And we are going to end our sleepless night with the question that anguishes my cousin at about five in the morning: of the 35,000 sheep that are already under his bed, if we choose 100 at random, what is the probability of that, at most, 22 are churra?
For this, we must resort to the last of the distributions that we are going to talk about today: the hypergeometric distribution.
The hypergeometric distribution is a discrete probability distribution useful for those cases where samples are drawn or where we do repeated experiments without replacement of the element we have drawn. So we see that it fits this problem.
If we start from a population of N elements, N1 will be successes and N2 will be failures (not- successes), taking into account that each element can only belong to one of the two groups. If we obtain a sample n without replacement (they are not independent extractions), we can calculate the probability of obtaining a given number of successes.
In our example, N = 35,000. The number of successes (being churra) will be 35,000×0.25 (25% of the sheep are churra), that is, 8,750 churra sheep. We would use R to calculate the probability that there are a maximum of 22 churra in our sample of 100 sheep:
phyper(22, 8750, 35000-8750, 100)
The result is 0.28: there is a 28% probability that, if we randomly draw 100 sheep, there will be at least 22 churra in the sample.
As we can see, the four probability distributions that we have used are useful discrete distributions for when we do counts since the random variable is a discrete one.

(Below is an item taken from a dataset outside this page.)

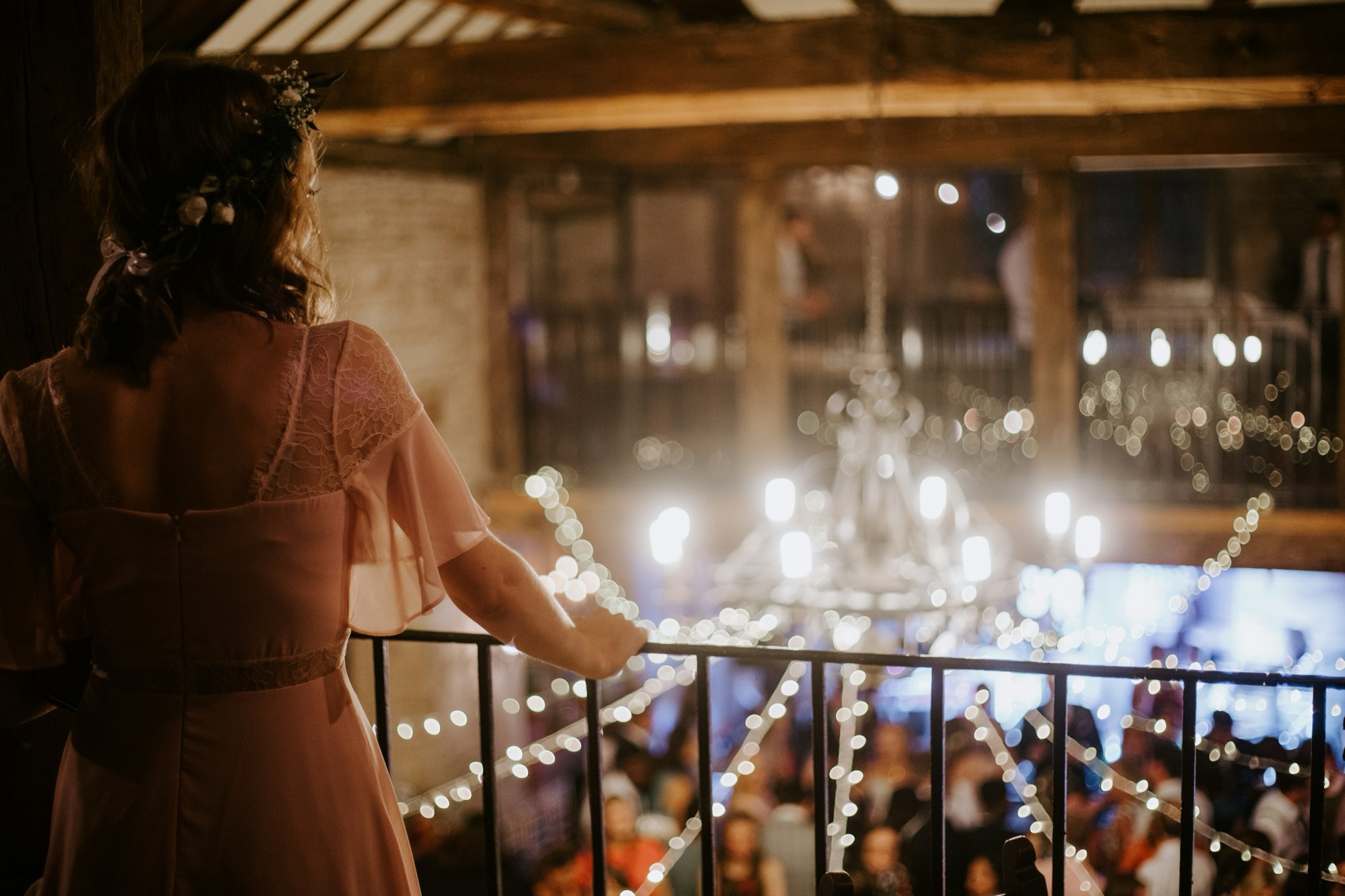 A guest in a blush dress stands at a mezzanine rail, seen from behind, looking down over a warmly lit reception of fairy lights and a chandelier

When do we use each of them? When they are unique experiments with a dichotomous result, the choice is simple: Bernoulli’s distribution. When dealing with multiple independent experiments and we want to know the probability of a given number of successes, we will use the binomial probability.
Other times we will want to know the number of experiments that we will have to carry out to be successful: our tool in these cases will be the geometric distribution. Finally, when we make extractions without replacement of a sample and we want to know the probability of obtaining one type of element or another, we will need to resort to the hypergeometric probability distribution which, for those who do not know, is the one behind the Fisher’s exact test.
We are leaving…
And here we will leave it for today. Don’t think my cousin falls asleep after the last problem is solved.

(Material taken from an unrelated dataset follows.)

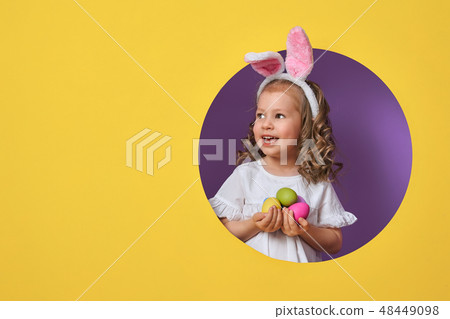 Girl with painted eggs 48449098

Nothing is further from reality.
In his stubborn insomnia, when the sun begins to peek over the horizon, my cousin put he tin lid on his problems with the sheep and wonders how many of them he will have to count for the tenth manchega sheep to enter his herd. For this he needs to use a distribution that we have not talked about today and that we will return to another time: the negative binomial distribution. But that is another story…